Posted on Wed Mar 15, 2017
A concrete way to evaluate a language that I overlooked for a lot of time: let’s say I have not used a language for weeks or months; now I need it to develop a tool I use to solve problems in a domain; I have my mind full of the complexities of the application’s domain; I come back to the language; how hard it is to pick it up again? What is the intellectual burden of picking up again the syntax and remembering the core and non–core concepts?
For my engineering studies I prepared a lot of notes; I probably have written too much, but it was inevitable because many important university courses had no written material covering the whole syllabus (sometimes not even half of it), also some written material was… not OK. I’ve also written some notes for personal interest (too much of those, too).
More than 10 years ago I typed and developed some of the stuff on a computer using
LaTeX; I value those documents.

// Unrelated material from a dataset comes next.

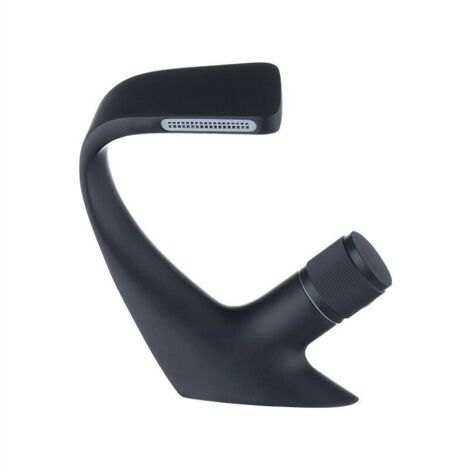 Robinet d'eau chaude et froide de lavabo monotrou cascade de luxe pour salle de bain (trou unique de cuivre noir)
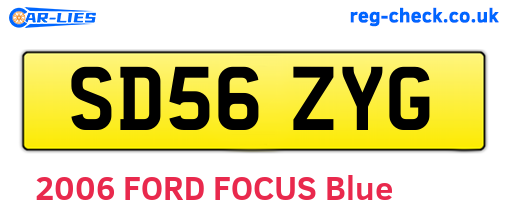 SD56ZYG are the vehicle registration plates.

Writing on paper is mandatory when trying to find
your way through mathematics applied to engineering, but digital typing the result is
great to put everything in the correct order (and I really need the
correct order, otherwise I can do nothing). I went so far as customising
the article
style into a scritto
style that suited me better. But
let’s not digress.
I needed to programmatically generate drawings, especially electrical circuits. The tools available back then did not suit me; so I wrote a domain specific language, APIC, on top of Tcl and TeXdraw. I was somewhat happy with the result: a Tcl program using some Tcl packages I wrote, taking as input the description of the drawing and generating TeXdraw environments to be included in LaTeX documents; documentation in Texinfo format. At the time, I was a Tcl enthusiast. It was fun to write the DSL.
I want to review those documents and put some of them on the Net. The DSL is bitrotten. I have very little will to pick up again Tcl and APIC; but I have no choice. I wish I had written the thing as a C language library.